Ricostruire i momenti della sera precedente non è affatto facile, è come ritornare in quel preciso istante, sguardo, luogo. Tolgo le cose di Emma dallo sgabello e le appoggio sullo scaffale, Bonnie tiene il tempo, io mi siedo sospirando.

"Ero con Maxwell, ieri sera." Inizio, ma non ho una fine. "Mi aveva mandato un messaggio durante la serata per chiedermi come stavo. Io gli ho risposto che stavo meglio, perché in fondo era davvero così. Stavo meglio, sì, ma non del tutto. C'era qualcosa che mi turbava e io dovevo assolutamente liberarmi da quel peso. Gli ho chiesto così di vederci, e lui ha accettato."

"Gli hai chiesto davvero di vedervi? Tu?" Ripete incredula.

"Non avevo alternative." Dico muovendo nervosamente le mani sulle gambe.

Bonnie sfila la bottiglietta d'acqua dalla sua borsa e riflette. "E cosa è successo? Cosa vi siete detti?"

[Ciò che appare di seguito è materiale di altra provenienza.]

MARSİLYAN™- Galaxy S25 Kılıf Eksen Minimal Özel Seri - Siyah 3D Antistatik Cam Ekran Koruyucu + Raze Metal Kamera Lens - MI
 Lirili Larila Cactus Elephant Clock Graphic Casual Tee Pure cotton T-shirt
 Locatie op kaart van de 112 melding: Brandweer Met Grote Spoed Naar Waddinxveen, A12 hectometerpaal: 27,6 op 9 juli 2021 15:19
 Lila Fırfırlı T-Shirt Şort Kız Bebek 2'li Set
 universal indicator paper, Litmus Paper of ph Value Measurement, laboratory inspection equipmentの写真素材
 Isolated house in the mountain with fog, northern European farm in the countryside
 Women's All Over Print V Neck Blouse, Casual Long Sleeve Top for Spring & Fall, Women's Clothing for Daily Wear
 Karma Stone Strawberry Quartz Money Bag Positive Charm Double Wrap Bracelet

Con le parole di Bonnie, però, scende improvvisamente il silenzio. Un silenzio che si prende tutto, anche la mia voce.
Come si spiega un'emozione, quando mancano le parole?

"Va tutto bene?" Mi chiede dopo aver bevuto un sorso d'acqua. Io mi alzo di scatto, fingo di cercare qualcosa nella borsa e mi prendo del tempo per pensare. Bonnie capisce che nei miei movimenti si nasconde una verità poco chiara e udibile. Una verità che voglio nascondere al mondo, per tenerla solo e soltanto per me.
Bonnie preme le dita nella bottiglia di plastica e gioca al mio stesso gioco, il mio silenzio è ora anche il suo. Ma basta così poco per capirsi, uno sguardo fugace, un sospiro. Bonnie si copre la bocca con la mano e sgrana gli occhi.